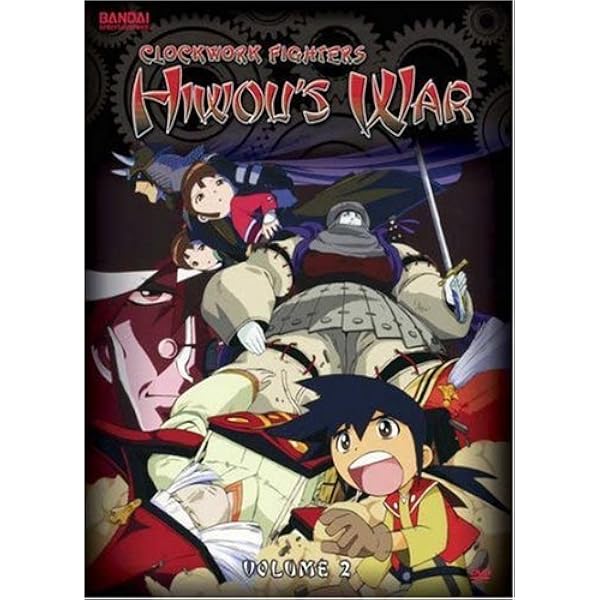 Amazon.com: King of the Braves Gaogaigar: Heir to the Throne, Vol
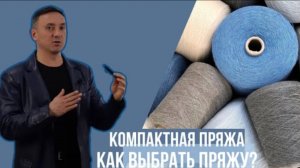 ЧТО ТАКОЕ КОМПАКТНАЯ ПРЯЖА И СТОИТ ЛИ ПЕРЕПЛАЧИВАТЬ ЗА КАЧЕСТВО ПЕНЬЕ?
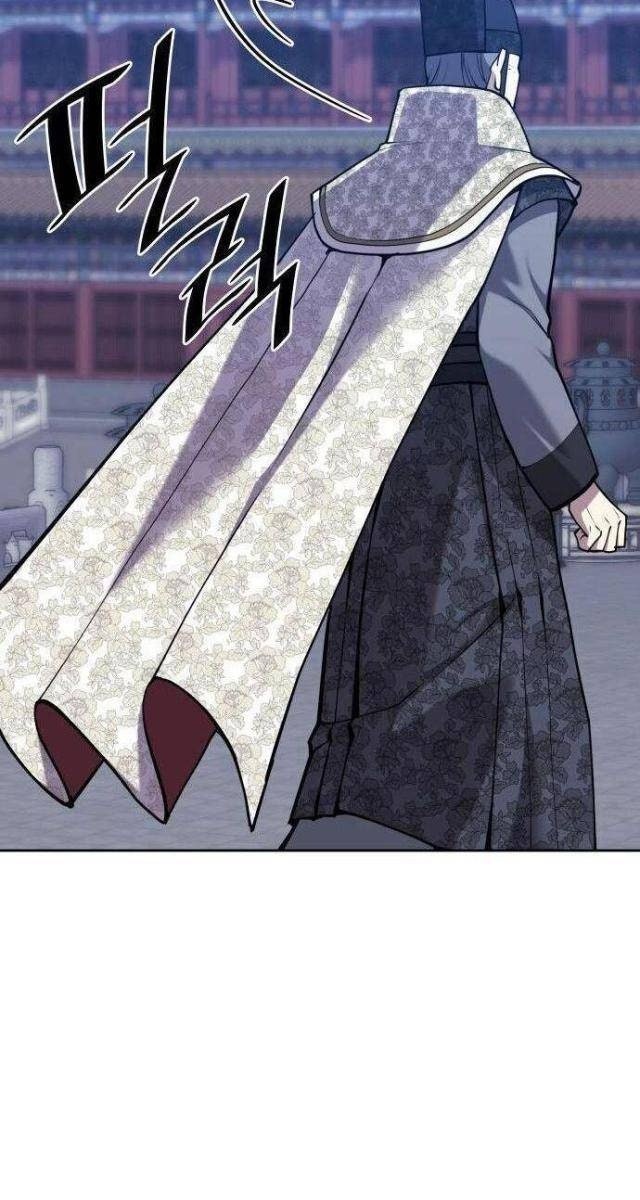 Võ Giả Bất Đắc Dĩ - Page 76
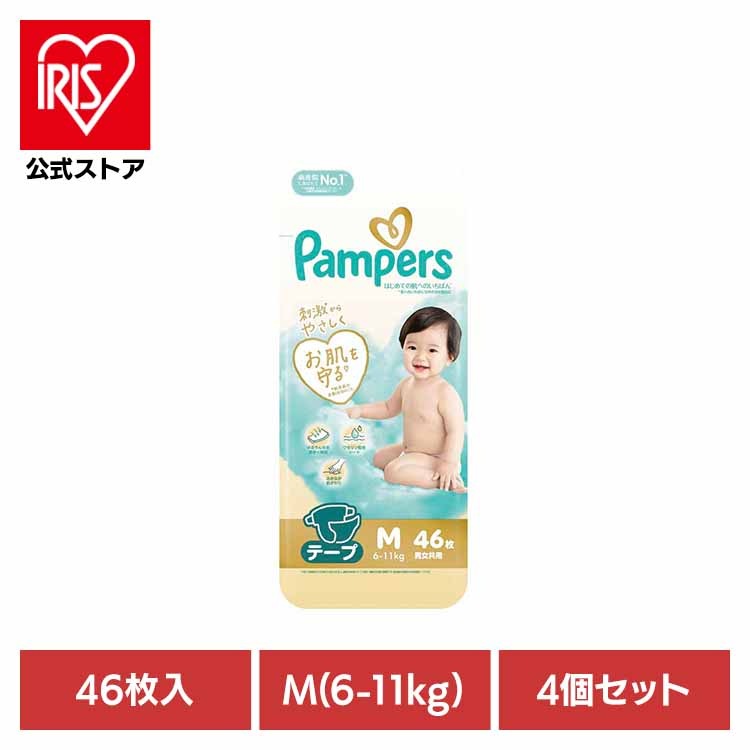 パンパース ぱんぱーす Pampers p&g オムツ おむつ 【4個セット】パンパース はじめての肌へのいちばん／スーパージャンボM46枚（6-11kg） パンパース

==

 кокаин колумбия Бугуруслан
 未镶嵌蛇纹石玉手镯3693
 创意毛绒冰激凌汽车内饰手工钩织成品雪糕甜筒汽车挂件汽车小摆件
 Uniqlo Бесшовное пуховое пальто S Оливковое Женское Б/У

▶ Problem details:
In the listing above, find the line holding "Võ Giả Bất Đắc Dĩ - Page 76" and the line holding "パンパース ぱんぱーす Pampers". Reproduce those two lines and all between them exactly, leaving out pictures.

▶ Solution below:
 Võ Giả Bất Đắc Dĩ - Page 76
 パンパース ぱんぱーす Pampers p&g オムツ おむつ 【4個セット】パンパース はじめての肌へのいちばん／スーパージャンボM46枚（6-11kg） パンパース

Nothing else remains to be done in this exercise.